J’éprouve très régulièrement, à ma modeste mesure, cette union entre le langage de nos pieds et celui de notre bouche. Durant une marche, le chant survient quand on s’y attend le moins. A l’assaut d’un ressaut, au terme d’un raidillon, au départ d’une sente, à l’abordage d’une descente… soudain, notre bouche se met au rythme de notre cadence pédestre. Comme si l’un et l’autre se nourrissaient d’un nouveau souffle, exhaleur d’énergies nouvelles et de joies enfantines. Et puisque la solitude de la marche nous désinhibe et autorise tous les excès, le chant se libère, les refrains se succèdent, les mélodies s’entrecroisent – parfois dans une cacophonie de tous les Diables – et si, bien souvent, la mémoire fait défaut et que les paroles se perdent dans les “na na na“, qu’importe !, nos chansons de marcheur qu’elle soient des tubes de notre enfance, des ritournelles paillardes ou des incantations religieuses éclairent notre chemin d’une autre couleur. Alors qu’elles convoquent souvent en nous quelques souvenirs, elles créent à nouveau les conditions d’un nouveau souvenir qui frisera la nostalgie plus tard.
Elles font et défont le lien du temps et s’amusent de notre liberté cheminante.

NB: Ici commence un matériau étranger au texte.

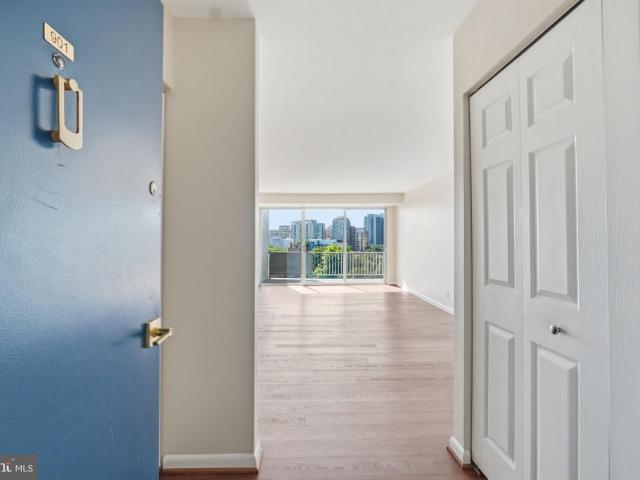 Condo for sale in Bethesda, Maryland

Et puis parfois, le chant ne vient pas… et inutile de le forcer : les premières paroles se perdraient bien vite dans le silence de cet inconscient chantant et… facétieux. Il faut alors se contenter de la cadence de nos pas, ce rythme ancestral binaire qui nous ramène à notre génome de marcheur-cueilleur bipède, noyé dans les Afriques orientales. A moins… (ou à plus !) que la pluie ne soit du voyage, cette sœur du silence qui vient murmurer voire marmonner à notre imaginaire itinérant…

La pluie…

La pluie, indécise comme la bruine ou farouche comme l’averse nourrie est une compagne féérique qui métamorphose tout notre autour avec parcimonie et délicatesse. N’est-elle pas celle qui change une route goudronnée de campagne en miroir déformant et aligne mille sourires à l’orée de nos pas ? N’est-elle pas une lancinante mélodie qui éteint les bruits du monde d’un écho majeur ?
N’est-elle pas ce filtre diaphane qui aplanit les reliefs de ses brumes ?
La pluie marche avec nous, fidèle, souvent rieuse ; et quand elle remonte à ses antichambres éthérées, ne nous laisse-t-elle pas toujours quelques traces d’elle, éphémère testament qui disparaîtra peu à peu comme une peau de chagrin ?

Et le vent ?…

Le vent est farceur… Avez-vous déjà observé comment se comporte le marcheur quand il le subit ? Il va passer son temps à jouer avec lui et amorcer une véritable partie de cache-cache pour s’en mettre à l’abri quitte à changer d’itinéraire. Car le vent est complice du hasard. Même quand il est solidement orienté, ses lames furètent, désordonnées et capricieuses, et obligent le randonneur à modifier son chemin, ses approches ou ses prises à l’abord d’une vire bien exposée. A l’inconnu de toute marche, même bien étudiée et repérée, le vent ajoute sa touche, rendant toute prévision inutile.
Déconcertant comme un bébé qui pleure à l’issue d’un biberon pourtant rempli à ras-bord, le vent n’écoute que son souffle et jubile à nous voir le maudire, chanceler, tituber, nous agripper, tenter de nous protéger d’une main ou d’une bâche de K-Way, chercher obstinément le vallon encaissé ou le rocher protecteur. Le vent nous détourne et à ce titre, il est un compagnon de voyage, certes encombrant mais si généreux. Il faut le laisser prendre le contrôle de nous-mêmes, nous dépouiller de tous nos projets et nous forcer à ce qui ressemble par bien des égards à du lâcher-prise.
Le vent est un hymne rythmée à la liberté qui m’a obligé bien souvent à porter mon regard à l’ailleurs.
Si on l’accepte comme un ami cheminant, il devient à la fois un hôte et un guide, érudit à nous étourdir.